Sunday, August 8, 2010

Robby The Streak.

At the very real risk of nauseating you with more Robby-isms, boring you to tears or making you wish you'd never been born, or all three, maybe just a few more thoughts. Good thing I don't have a camera, eh?

Today my friend said I should have a contest. Blog readers, take the letters of Robby's name and see how many words you can come up with that describe Robby. R. O. B. B. Y. My friend got it started with Roll, Run, Rip, Rampage, Rummage and, of course, Rasputin-ish. O?, anyone?

The prize is a picture of Robby. Of course, like I just said, I don't have a camera. My camera seems to have gone the way of the frying pan, except the camera went first. Even if I had a camera, I should like to know how to post pictures on a blog.

Robby is a study when it comes to folding laundry. He intently watches every move, especially the repetition of underwear. After a while, he decides to "help." To distract him from "helping," I built a fort with pillows (I have six pillows on the bed). That was a BIG hit. With the pillows propped just so and one as a top, Robby now has a Pillow Fort, which is really a Pillow Tunnel. I have a feeling I will be reconstructing it every morning.

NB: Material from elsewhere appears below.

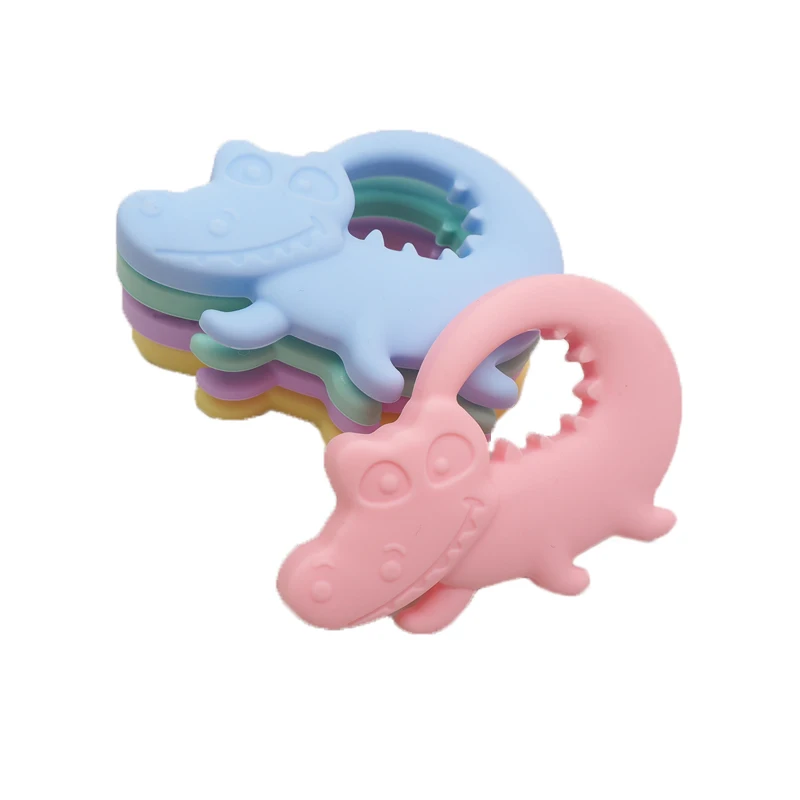 

Chenkai 10PCS BPA Free Silicone Crocodile Teether Chewable Pendant Teething Baby Dummy Pacifier For DIY Newborn Shower Gifts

Robby had a little surprise when he jumped in the kitchen trash can today. Mike had just taken out the garbage and placed a new liner in the can. So when Robby made his flying leap, TRA-LA, he descended clean to the bottom of the tall can. Because, of course, there was no good garbage filling the can 1/2 to 3/4 full for him to land on. Robby understands NO! He just has selective memory sometimes.

My same friend above, titled her email The Puddy Cat. That is correct. I didn't say it right last blog when I said Putty Cat. Putty Cat would seem to indicate some sort of adhesive. For a bathroom project or what have you. Or maybe that Robby is really a Gumby. Puddy Cat is exactly what it should be. I was glad for the enlightenment.

Mike just got on my nerves, because when I blog I don't need any fooling around near by. And Mike was fixing a snack and rinsing dishes, 4 feet away from where I type. I asked, What are you doing? He said, Excuse me for living. I said, Okay.

Then, Mike caught me, just now, playing with Robby on the computer desk. Robby loves and adores to watch my fingers fly over the keys. Mike says, I know who your favorite is. I said, What do you mean? I thought he meant maybe Jazzi. But he meant himself. Because Robby is allowed to mess up my train-of-blogging-thought, but he, Mike, is not.

Well, I knocked myself out making Mike's Annual Birthday Banana Cream Pie. It involved two trips to the store and a crummy homemade crust. Rats. I ate a piece, but since it's so late, Mike can't have that laying on his stomach at bedtime. He has to wait 'til tomorrow. What is more disappointing than your crust not turning out as usual? Now I am motivated to make another pie soon, so I can get it right.

The Rays are in a vortex. Rats on the Rays.

My friend gave me a massive fire engine red furry kitty hotel, two stories. Used. The other cat hair is on it. I am not allergic to Robby, but I think I'm allergic to this old other cat hair. That's too bad, eh?

Don't forget to enter the R. O. B. B. Y contest, ha, ha.